Contingent Payments due by the Purchaser to the Vendors shall be made by check
or wire transfer of immediately available funds to or to the order of the
Vendors or any attorney-in-fact duly authorized by each Vendor or their
respective and duly evidenced heirs on the date determined in accordance with
Section 2.2
2.5 Sales and Other Taxes. Each party hereto agrees that it or he shall
---------------------
be responsible for and shall pay and discharge promptly when due the entire
amount of any and all taxes incurred by such party by reason of or in connection
with the sale and transfer of the Transferred Assets.
-5-
ARTICLE III
CLOSING
3.1 Date, Time and Place of Closing. The closing (the "Closing") of the
-------------------------------
transaction of purchase and sale contemplated by this Agreement shall occur at
the offices of Xxxxx & Xxxxxxx, Xxxxx Xxxxxxxxxxxxx 000, XX 11.100 Montevideo,
Uruguay at 1p.m., local time, on the fifth business day following the
satisfaction or waiver of all conditions to the obligations of the parties
hereto to consummate the transactions contemplated (other than conditions with
respect to actions the respective parties hereto will take at the Closing
itself) or on such other date as the parties hereto shall agree (the "Closing
Date").
3.2 Closing Deliveries.
------------------
(a) At the Closing:
(i) the Vendors will deliver to the Purchaser the
various certificates, instruments, and documents referred to in Section 7.2
below;
(ii) the Purchaser will deliver to the Vendors the
various certificates, instruments, and documents referred to in Section 7.1
below;
(iii) the Vendors will execute, acknowledge (if
appropriate) and deliver to the Purchaser all endorsements, assignments,
consents to assignments to the extent obtained and other instruments and
documents as may reasonably be requested to sell, convey, assign, transfer and
deliver to the Purchaser good title to all of the Non-Deliverables free clear of
any and all Liens, including a General Assignment of Intellectual Property and a
Copyright Assignment in substantially the forms attached as Exhibit 3.2;
-----------
(iv) the Vendors and the Purchaser each acknowledge
that, subject to the payment of the Purchase Price, all of the Vendors' right,
title and interest in and to each Deliverable shall pass to the Purchaser
immediately upon delivery of the same without requiring the execution and
delivery of any instrument or instruments of assignment;
(v) the Vendors shall cause the SurSoft Software to be
delivered electronically to the Purchaser's order. The Vendors shall be
obligated to retain its existing tangible embodiments of the SurSoft Software
until it is notified in writing by the Purchaser to destroy such tangible
embodiments. The Vendors shall, within five days of such notification, destroy
all tangible embodiments of the SurSoft Software, such destruction to be
verified in writing by a notary public and thereupon, the Vendors shall not
retain any tangible embodiments of the SurSoft Software. The Vendors agree to
forward to the Purchaser the written verification made by such notary public
upon receipt thereof;
(vi) the Vendors shall cause the Additional
Intellectual Property, including, all works of authorship, formulas, processes,
routines, subroutines, techniques, concepts, object
-6-
code, flow charts, diagrams, coding sheets, source code, listings and
annotations, programmers' notes, information, workpapers, work product, manuals
and other materials of any type whatsoever that pertain to or are used in
connection with the SurSoft Software or that are relevant to an understanding or
to the development of the SurSoft Software, or to the performance of the SurSoft
Software of its intended function or purpose to be delivered to the Purchaser;
and
(vii) as consideration for the Deliverables, the
Purchaser shall deliver to the Escrow Agent the Initial Deliverables Payment and
as consideration for the Non-Deliverables, the Purchaser shall pay to or to the
order of the Vendors the Non-Deliverables Payment.
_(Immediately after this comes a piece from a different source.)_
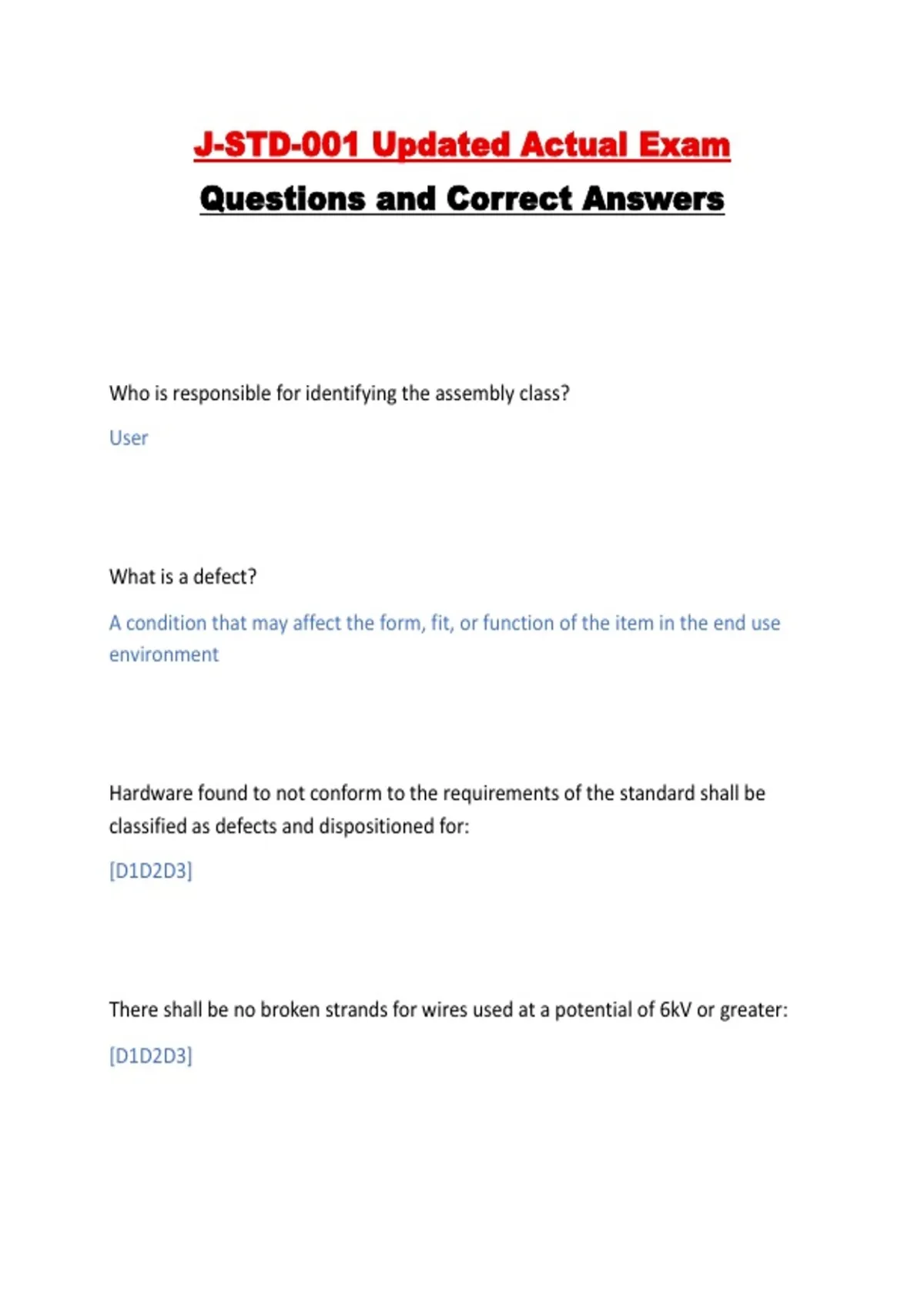 J-STD-001 Updated Actual Exam Questions and Correct Answers - J-STD-001 ...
3.3 Taking of Further Action. If, at any time after the Closing Date, any
------------------------
further action is necessary or desirable to carry out the purposes of this
Agreement and to vest the Purchaser with full right, title, interest and
possession to all the Transferred Assets, the Vendors, or any one of them, shall
take all such necessary, or desirable action.
ARTICLE IV
REPRESENTATIONS AND WARRANTIES OF THE VENDORS
Except as set forth in the disclosure schedule attached hereto as Schedule
1 (the "Disclosure Schedule"), each Vendor, severally and not jointly, hereby
represents and warrants to the Purchaser that the statements contained in this
Article IV are correct and complete as of the date of this Agreement and will be
correct and complete as of the Closing Date (as though made then and as though
the Closing Date were substituted for the date of this Agreement throughout
this Article IV. The Disclosure Schedule will be arranged in paragraphs
corresponding to the lettered and numbered paragraphs contained herein.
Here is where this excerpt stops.